Fabrikadaki insanlık dışı koşullar hakkında basına bilgi vermek, evde kalamadığı ve fabrikada çalıştığı, işletmesinde daha önce korona virüs vakası olduğu için virüse yakalanma ihtimalinden hareketle en insani sağlık önlemlerini talep etmek, karşılanmadığında ise hastaneye gidip test olmayı istemek patron sınıf için ‘’ahlak ve iyi niyete aykırı davranışlar’’ kapsamında olduğu anlaşılıyor. İşçilerin patronlara test yaptırılmasını talep etmesinin, karşılanmadığında hastaneye kendi imkanlarıyla gidip test olmasının nesi ahlak ve iyi niyet dışı? Test olmak patronlar için hak da işçiler için hak değil mi? Test olma hakkı en insani talepken; patronlar işçileri açıkça insan yerine koymadıklarını bu uygulamalarla açıkça itiraf etmiş oluyorlar. Diğer yandan Antep’teki işçi çalıştığı yer hakkında yalan söylemiş değildir, Antep’te çalışan yüz binlerce işçinin sesi olup, o ölüm atölyelerinde neler yaşandığını basına ifade etmiştir. Bu işçinin başına gelenler orada çalışan başka işçilerin başına gelmeyeceği bilinse tüm işçiler aynı şeyleri ifade edeceğinden emin olabiliriz. İşçi verdiği bilgilerle kamu yararı açısından faydalı bir iş yapmış, gerçeğin tüm toplum tarafından bilinmesini sağlamıştır. Korona günlerinde sömürünün katmerleşen, her an ölümle karşı karşıya kalındığı bir gerçeklik olması; bunun kamuoyu tarafından duyulması patron sınıfın çıkarına değildir. Antep’te çalışan işçiyi işten atmalarının temel sebebi; başka işçilerin de cesaret bulup kendi iş yerindeki uygulamaları basına yansıtmaları, kamuoyu oluşturmaları ve tüm toplumun bu uygulamalar karşısında patronların enselerine yapışmasından korkuyor olmalarıdır.

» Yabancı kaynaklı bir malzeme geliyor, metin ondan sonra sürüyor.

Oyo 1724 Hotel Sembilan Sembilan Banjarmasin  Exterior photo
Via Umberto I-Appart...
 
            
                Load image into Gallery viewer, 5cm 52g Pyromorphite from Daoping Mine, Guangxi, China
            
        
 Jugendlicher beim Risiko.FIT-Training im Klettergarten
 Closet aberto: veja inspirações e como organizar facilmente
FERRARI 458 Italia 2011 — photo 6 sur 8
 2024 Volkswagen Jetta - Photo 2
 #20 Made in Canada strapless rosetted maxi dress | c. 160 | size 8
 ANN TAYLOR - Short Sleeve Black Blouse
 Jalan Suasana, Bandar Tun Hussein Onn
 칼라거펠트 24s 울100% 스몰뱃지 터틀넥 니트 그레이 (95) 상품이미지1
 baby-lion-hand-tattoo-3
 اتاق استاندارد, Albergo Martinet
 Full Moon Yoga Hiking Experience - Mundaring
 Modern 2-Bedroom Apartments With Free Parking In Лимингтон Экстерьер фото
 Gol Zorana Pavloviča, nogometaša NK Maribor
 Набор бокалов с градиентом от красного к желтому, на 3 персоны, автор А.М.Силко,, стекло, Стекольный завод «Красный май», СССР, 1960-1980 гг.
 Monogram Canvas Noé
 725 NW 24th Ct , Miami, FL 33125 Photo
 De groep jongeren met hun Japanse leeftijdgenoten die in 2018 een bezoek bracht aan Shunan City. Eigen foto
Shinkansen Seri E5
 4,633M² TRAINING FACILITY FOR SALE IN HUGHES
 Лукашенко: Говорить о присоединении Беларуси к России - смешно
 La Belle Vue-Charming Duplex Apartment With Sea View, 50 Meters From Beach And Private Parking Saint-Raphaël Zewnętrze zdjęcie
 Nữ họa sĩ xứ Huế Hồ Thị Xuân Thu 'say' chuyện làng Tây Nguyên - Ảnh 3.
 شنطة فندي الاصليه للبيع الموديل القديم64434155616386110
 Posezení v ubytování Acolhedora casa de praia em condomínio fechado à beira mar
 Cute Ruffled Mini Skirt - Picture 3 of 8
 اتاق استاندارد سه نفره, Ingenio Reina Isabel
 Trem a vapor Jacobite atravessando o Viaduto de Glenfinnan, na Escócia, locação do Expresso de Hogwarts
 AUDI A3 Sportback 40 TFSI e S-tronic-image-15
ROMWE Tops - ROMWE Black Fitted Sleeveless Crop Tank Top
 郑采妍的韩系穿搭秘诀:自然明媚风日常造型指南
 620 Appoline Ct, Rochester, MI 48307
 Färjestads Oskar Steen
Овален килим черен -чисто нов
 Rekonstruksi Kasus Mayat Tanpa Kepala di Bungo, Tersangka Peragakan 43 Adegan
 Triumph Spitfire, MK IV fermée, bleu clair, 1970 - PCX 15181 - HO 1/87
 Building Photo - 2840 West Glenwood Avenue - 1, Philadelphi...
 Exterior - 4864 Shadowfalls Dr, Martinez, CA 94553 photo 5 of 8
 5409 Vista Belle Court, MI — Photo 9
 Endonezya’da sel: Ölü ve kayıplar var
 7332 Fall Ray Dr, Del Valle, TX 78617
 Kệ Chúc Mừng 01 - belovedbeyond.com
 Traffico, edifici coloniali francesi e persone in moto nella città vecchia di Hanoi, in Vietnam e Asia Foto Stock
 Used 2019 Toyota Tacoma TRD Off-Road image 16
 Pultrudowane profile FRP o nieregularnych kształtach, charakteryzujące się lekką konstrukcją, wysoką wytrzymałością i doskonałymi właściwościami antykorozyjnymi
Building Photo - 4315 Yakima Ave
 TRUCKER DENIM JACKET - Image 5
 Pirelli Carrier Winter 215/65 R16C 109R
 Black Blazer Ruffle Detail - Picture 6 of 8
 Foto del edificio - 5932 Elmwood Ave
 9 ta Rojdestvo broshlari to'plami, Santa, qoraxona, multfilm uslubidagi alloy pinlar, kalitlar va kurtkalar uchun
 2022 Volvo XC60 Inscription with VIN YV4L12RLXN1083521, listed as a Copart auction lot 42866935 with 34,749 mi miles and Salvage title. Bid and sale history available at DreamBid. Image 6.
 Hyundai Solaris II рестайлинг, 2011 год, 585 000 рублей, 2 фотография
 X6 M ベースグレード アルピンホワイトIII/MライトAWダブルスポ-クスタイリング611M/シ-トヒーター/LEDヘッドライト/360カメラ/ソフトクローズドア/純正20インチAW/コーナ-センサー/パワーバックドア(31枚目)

Ahlak ve iyi niyet bir madde olarak iş kanunda geçse de esasında bu madde patron sınıfın çıkarlarına ters bir gidişat olduğunda keyfi bir şekilde işçileri kapı önüne koyabilmenin yasal dayanağı durumundadır. Aynı madde üzerinden işçiler sendikal mücadele verdiklerinde, iş yerlerinde iş cinayetlerine tepki gösterdiklerinde, grev hakkını kullandıklarında, itiraz ettiklerinde de ahlak ve iyi niyet maddesi ile karşılaşıyorlar, işlerinden atılıyorlar. Yüzeysel bir basın taraması yapsanız dahi basına yansıyan, sendika, örgütlenme, iş yavaşlatma ve grev hakkını kullandığı için işten atılan bir sürü işçi haberi görmeniz mümkündür.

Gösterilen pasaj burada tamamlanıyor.